Örneğin, ışık su gibi yoğun ortamlarda yavaşlar; suda ışığın hızı saniyede 225.000 kilometreye kadar düşebilir. Bu hâl, hâlâ oldukça etkileyici olsa da, nükleer reaktörlerde olduğu gibi farklı parçacıklar tarafından aşılabilir. Bu fenomen Çerenkov ışığı olarak adlandırılır. Ancak, ışıktan daha yavaş bir hız olan saniyede 225.000 kilometre, ışığın şimdiye kadar kaydettiği en düşük hızdan oldukça uzaktır.
1998 yılında, bilim insanları ışığı inanılmaz bir şekilde saniyede sadece 17 metreye veya saatte 61,2 kilometreye kadar yavaşlatmayı başardılar. Aslında bu deneyin amacı, ışığı yavaşlatmaktan çok daha fazlasını keşfetmekti. Ekip, ünlü fizikçi Satyendra Nath Bose tarafından ortaya konan bir teorinin pratikteki yansıması olarak Bose-Einstein Yoğunlaşması (BEC) adı verilen bir madde hâlini incelemek istiyordu.

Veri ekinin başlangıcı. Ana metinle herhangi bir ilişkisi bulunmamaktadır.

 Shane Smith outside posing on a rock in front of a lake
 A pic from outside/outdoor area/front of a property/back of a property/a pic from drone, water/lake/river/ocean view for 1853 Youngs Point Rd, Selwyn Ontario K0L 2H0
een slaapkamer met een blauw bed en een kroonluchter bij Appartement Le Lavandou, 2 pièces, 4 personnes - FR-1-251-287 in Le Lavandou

Bose-Einstein yoğunlaşması, bozonlardan oluşan bir gazın mutlak sıfıra yaklaşan sıcaklıklarda soğutulmasıyla elde edilir. Bu durumda, atomlar genellikle tek bir atom gibi davranarak tek bir kuantum cismi oluştururlar. Bir makalede bu durum şöyle açıklanıyor: “Bir BEC’nin dalga fonksiyonu, makroskobik bir kuantum nesnesinin temel durumuna karşılık gelir.” Devamında ise: “Başka bir deyişle, bir BEC’deki atom topluluğu tek bir kuantum varlığı gibi davranır.”
1995 yılında gerçek dünyada ilk kez yaratılan bu garip yeni madde, kuantum davranışına makroskobik bir bakış açısı sunuyor. Sıfır viskozite gibi birçok ilginç özelliğe sahip olması nedeniyle, BEC’ler detaylı bir şekilde incelenmeye devam ediyor. 1998 yılında Rowland Bilim Enstitüsü’ndeki bilim insanları, vakum odasında sodyum atomlarını aşırı soğutarak bir BEC yaratmayı başardılar.

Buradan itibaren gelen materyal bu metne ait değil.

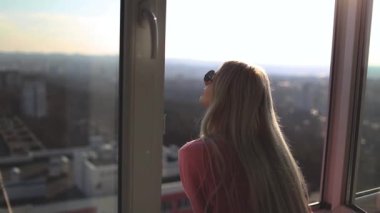Kızın arka manzarası daire penceresini açıyor, güzel manzaranın tadını çıkarıyor..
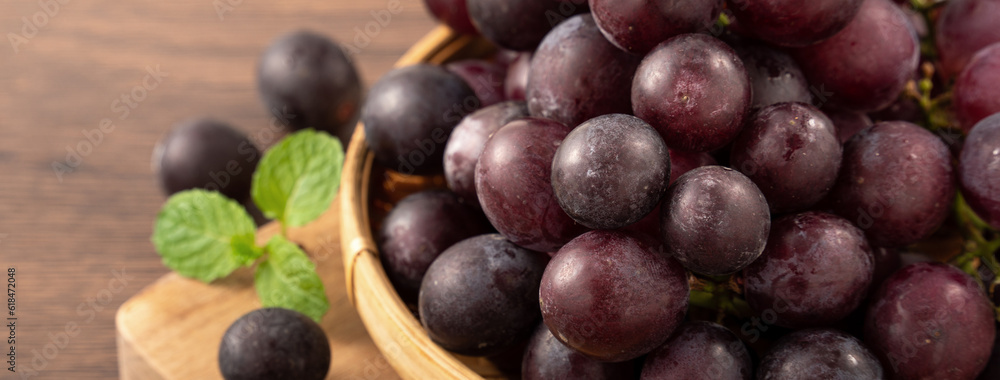 Delicious bunch of grapes fruit on a plate over wooden table background.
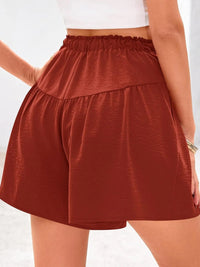 Person wearing a rust-colored skirt on a white background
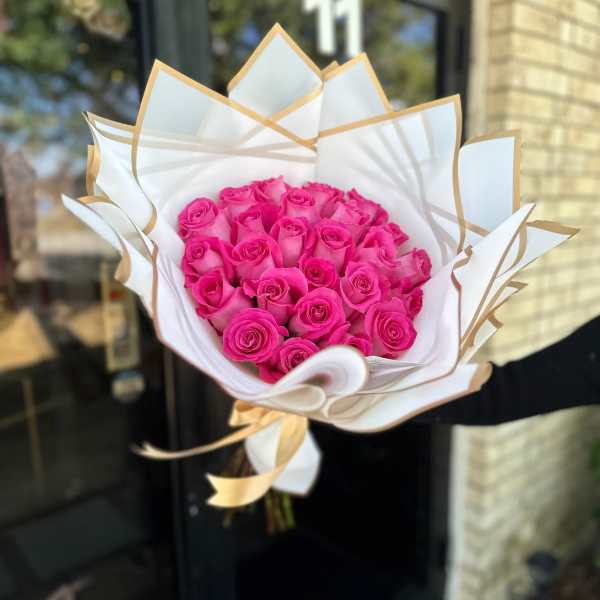 Bouquet of bright pink roses wrapped in white paper with gold trim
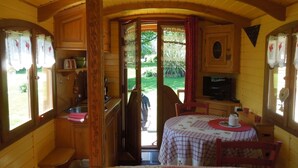 Una cabaña acogedora con interior de madera, un comedor con mesa y sillas, y una cocina con microondas.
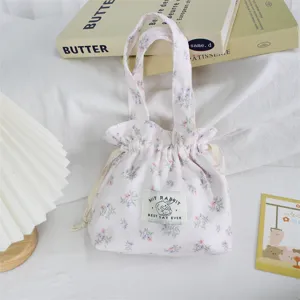 Floral corduroy drawstring handbag detail, cute portable daily storage pouch for women.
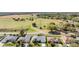 Aerial view of a home in a quiet suburban neighborhood with green spaces and mature trees at 10216 Moshie Ln, San Antonio, FL 33576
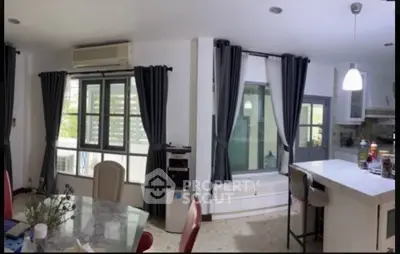 Spacious modern kitchen with island and dining area, featuring large windows and stylish decor.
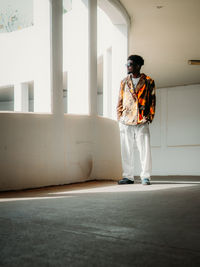 Portrait of young man standing against wall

- Öncelikle sodyuma lazer ışınları ateşleyerek fotonları emerken parçacıkları yavaşlattılar.
- Daha sonra, bu yavaşlayan parçacıkları, atomların geldikleri yöne doğru geri iten başka bir lazer dizisine maruz bıraktılar.
- Güçlü bir manyetik alan tarafından yerinde tutulan atom bulutu, bu süreçle daha da yavaşlatıldı ve soğutuldu.

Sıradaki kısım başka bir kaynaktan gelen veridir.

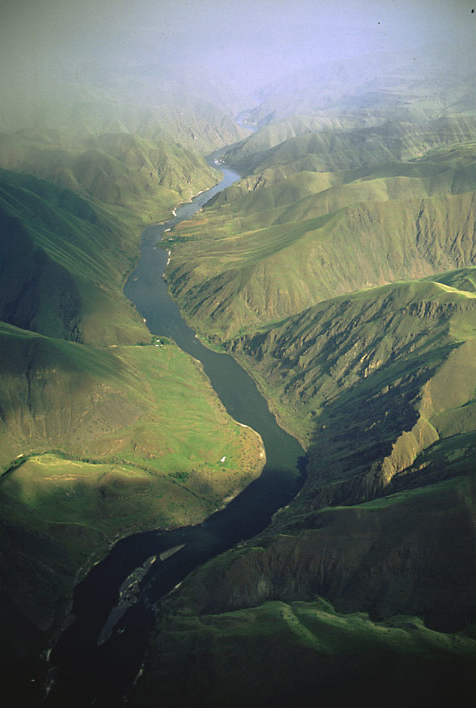 Deep canyon with green hills and a large river encountered during Ordway's fishing trip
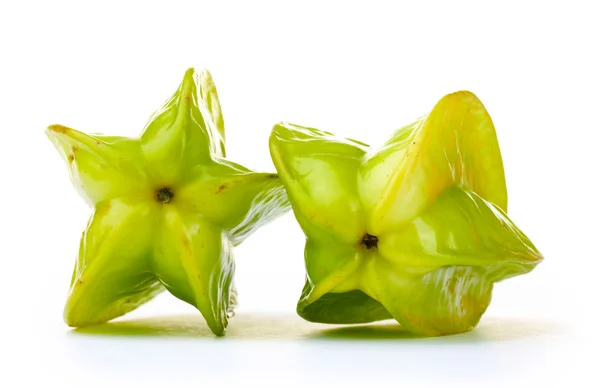 Due frutti freschi di carambola isolati su bianco — Foto Stock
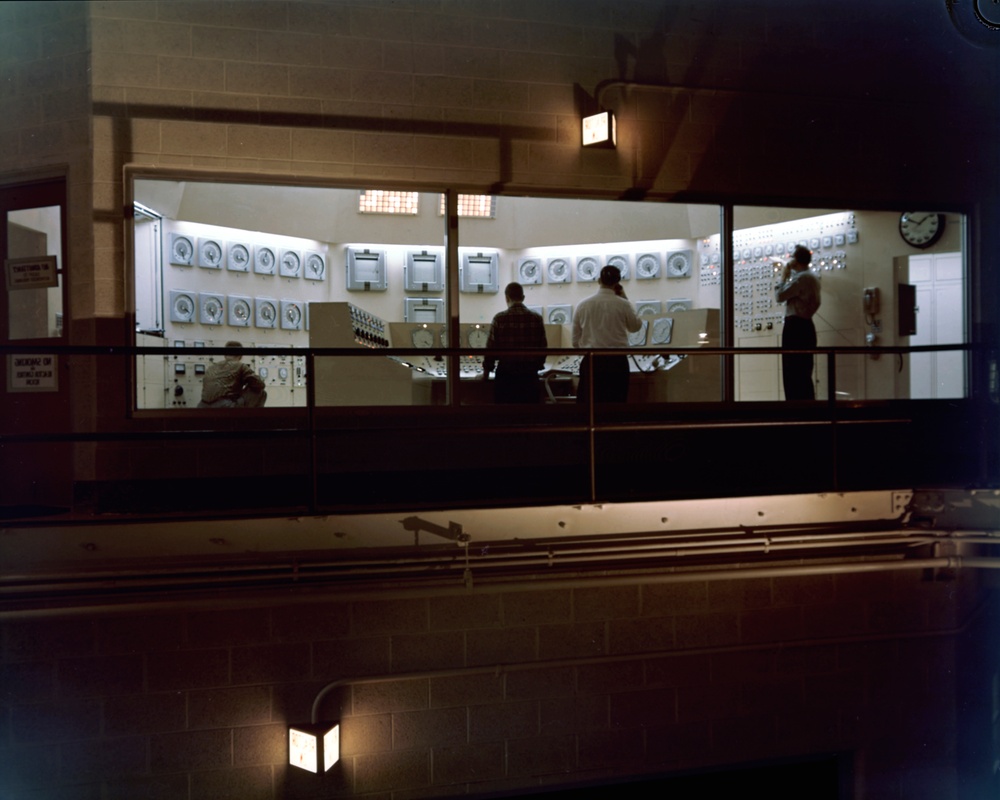 REACTOR VIEW SHOWING CONTAINMENT VESSEL AND CONTROL ROOM WITH MEN WORKING ON THERMOCOLUM FOR QUADRANT B AT NASA PLUM BROOK STATION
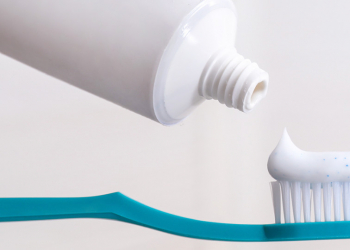 How is microbiological risk assessed in cosmetics?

Ekip, bu yavaşlama ve yoğunlaşma bulutunun oluşmasının ardından, kuantum girişimini ayarlamak için genişliği boyunca bir lazere maruz bırakırken, uzunluğu boyunca ikinci bir lazer ateşledi. Bu koşullar altında, ışık önemli ölçüde yavaşlatıldı. Ekip, deneyleri hakkında “Başlangıçta neredeyse saf bir Bose-Einstein yoğuşması olarak hazırlanan bir atom bulutunda (yoğuşma oranı ⩾%90) darbe yayılımı için 17 [metre/saniye] ışık hızı elde ettik,” şeklinde yazdı ve devam etti: “Bulutun darbe yayılımı sırasında ve sonrasında bir yoğuşma olarak kalıp kalmayacağı, bu Mektubun kapsamı dışında kalan bir konudur.”
Ekip, tatmin edici sonuçlar elde etmenin ötesinde daha iyisini yapabileceklerini fark etti. Hau Lab web sitesinde ekip, “Kısa bir süre sonra, BEC için geçiş sıcaklığının hemen üzerindeki bir sıcaklığa soğutulmuş bir atom bulutunda bir ışık darbesini tamamen durdurmayı başardık,” diyerek ekledi: “Işık darbesi yavaşlatıldığında, sıkıştırıldığında ve atomik numune içinde tutulduğunda, kontrol lazer alanını aniden kapatıyoruz ve daha sonra tekrar açıyoruz. Kontrol lazeri tekrar açıldığında, ışık darbesi yeniden üretiliyor: Işık darbesini durdurabilir ve kontrol edilebilir şekilde yeniden üretebiliriz.”
Bu önemli bulgular, Nature dergisinde yayınlandı ve kuantum fiziği alanında yeni bir kapı araladı.